THE LATE CENOZOIC SW TARIM FORELAND BASIN: NEW CONSTRAINTS ON DEFORMATION AND SEDIMENTATION AT THE EDGE OF NW TIBET


SUPPE, John1, WANG, Xin2 and WEI, Xiaochun2, (1)Department of Earth and Atmospheric Sciences, University of Houston, Rm.312, Science & Research Bldg.1, University of Houston, Houston, TX 77204, (2)Geosciences Department, Zhejiang University, Hangzhou, 310027, China

We document large-scale Late Cenozoic to Recent thrusting and plate flexure in the SW Tarim basin at the northern margin of NW Tibet. The SW Tarim foreland basin is one of the largest in the world with a maximum thickness of orogenic-derived strata approaching 10km. This entire basin is translating to the NNE as the 230km long bedding-parallel Hotian thrust sheet, which is perhaps the longest active intact thrust sheet in the world. This thrust translates the growing Tarim foreland basin northward on a regional basal Cenozoic gypsum detachment and ramps to the surface at the northern edge of the flexural basin, forming the linear Mazhartag hills. At the southern edge of the basin a set of high-amplitude anticlines are growing by complex seismically active break-forward ramping and wedging in the Hotian thrust sheet as it steps up from a regional Cambrian evaporite detachment to the basal Cenozoic gypsum detachment.
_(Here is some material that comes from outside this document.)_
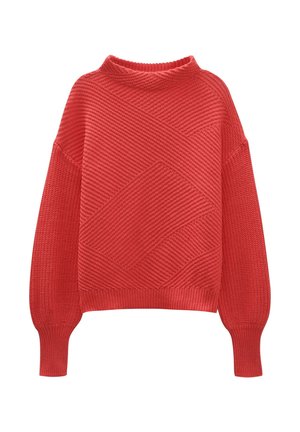 Pull en tricot rouge avec un col montant, des épaules tombantes, des motifs diagonaux texturés et des poignets et un ourlet côtelés.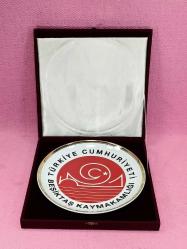 TÜRKİYE CUMHURİYETİ BEŞİKTAŞ KAYMAKAMLIĞI T.B.M.M. MİLLÎ SARAYLAR YILDIZ PORSELEN TABAK , BORDO RENKLİ ORJİNAL KADİFE KUTUSUNDA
The more interior Tiklik thrust brings Paleozoic and Proterozoic basement to the surface, together with their uplifted Tarim basin cover. The total estimated shortening of SW Tarim basin crust is ~110-130km. The history of this deformation is constrained by growth strata imaged in long regional seismic-reflection profiles. We have determined the ages of key seismic horizons throughout the basin by tying the seismic grid to outcrop magnetostratigraphic sections in the foothills of the eastern Pamir and in Mazhartag and to dated ~11Ma volcanic deposits derived from an igneous center in the adjacent Pamir (Wei et al., 2018).